I have the Garmin 310xt and the new Motorola Motoactv. They both work with the DuoTap, no problems.

Thanks


----------



## jtsk (Mar 6, 2002)

Works great with my Edge 500 on my Madone 6.9. I love the Doutrap. Its one of the innovative things that Trek has done that no other manufacturer has attempted (I think).


----------



## steve-o68 (Feb 20, 2012)

*Duo Trap Garmin 500 Help!*

Any tips on set up ? my HR monitor works and the Garmin says it is connected and Sensor ID shows up, but Cadence sensor doesn't appear to be working, Speed shows up on, but RPMs for cadence do not show on my display! Any that can help me?


----------



## kendal (Feb 1, 2010)

I would chk the magnet placement on the crank arm you need to get a red and green light on the duo rap. I forget which one is for what. I have my magnet set next to the pedal hole on the crank arm.


----------



## ktm526 (Feb 17, 2012)

Sorry for bringing back an old post but I am having the same problem with mine. Speed will show up but no cadence. The magnets are in the proper spot too. I've searched Garmin forums and can't find any info. Please help!


----------



## cxwrench (Nov 9, 2004)

red light for speed (lights up when the wheel magnet passes sensor) and green light for cadence (lights up when crank arm magnet passes sensor). garmin should be pick it up no problem, works on mine. go to---
settings
bike settings
bike 1
ant+ spd/cad
enter 'yes'
then 'rescan'
done. should work then.


----------



## ktm526 (Feb 17, 2012)

Yup. Did all that and I got the lights. Only getting speed. I tried to rescan it multiple times with no luck.


----------



## cptlizardi (Feb 25, 2012)

KMT526, Hi, if you are referring to actually seeing the cadence at your garmin device screen I have that problem too, although I know the sensor is picking up the cadence signal as I can see the green light popping up on the sensor and can also see my cadence average and maximum cadence on my dashboard at garmin connect. So far it sucks as I have to wait until I upload to actually know my cadence....
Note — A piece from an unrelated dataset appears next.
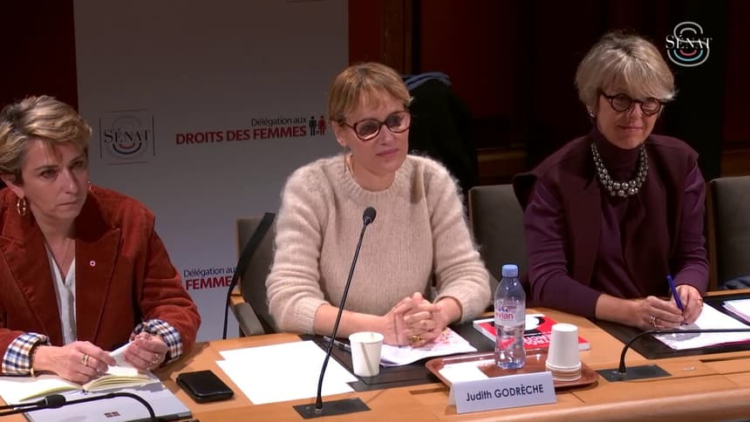 Komisioni francez nis hetimin e dhunës e abuzimin seksual në kinema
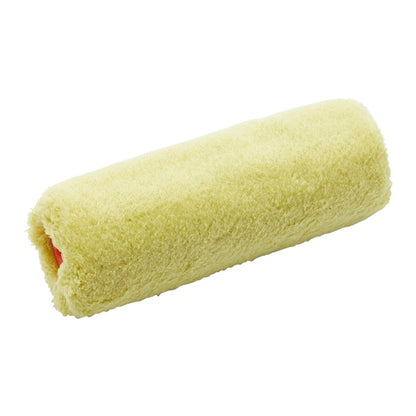 Rodo Masonry Roller Cover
Anyone: Is there a way to actually show the cadence in the garmin device screen??? I have an Edge 500.... I also have the sensor located next to the pedal hole next to the crank arm. 


2011 Trek 2.3
2010 Trek 7.2FX


----------



## cptlizardi (Feb 25, 2012)

Found the solution, since the sensor is an additional item it is not defaulted on the screen, on my 500 I had to adjust the Field Views on Settings (page 37 of manual) and I can see my cadence on real time no problems.


----------



## ktm526 (Feb 17, 2012)

I moved my sensor closer to my pedal and it started picking up my Cadence. Although before it wouldn't even though the light was blinking green as the sensor passed.


----------



## cptlizardi (Feb 25, 2012)

Problem solved it appears!!


----------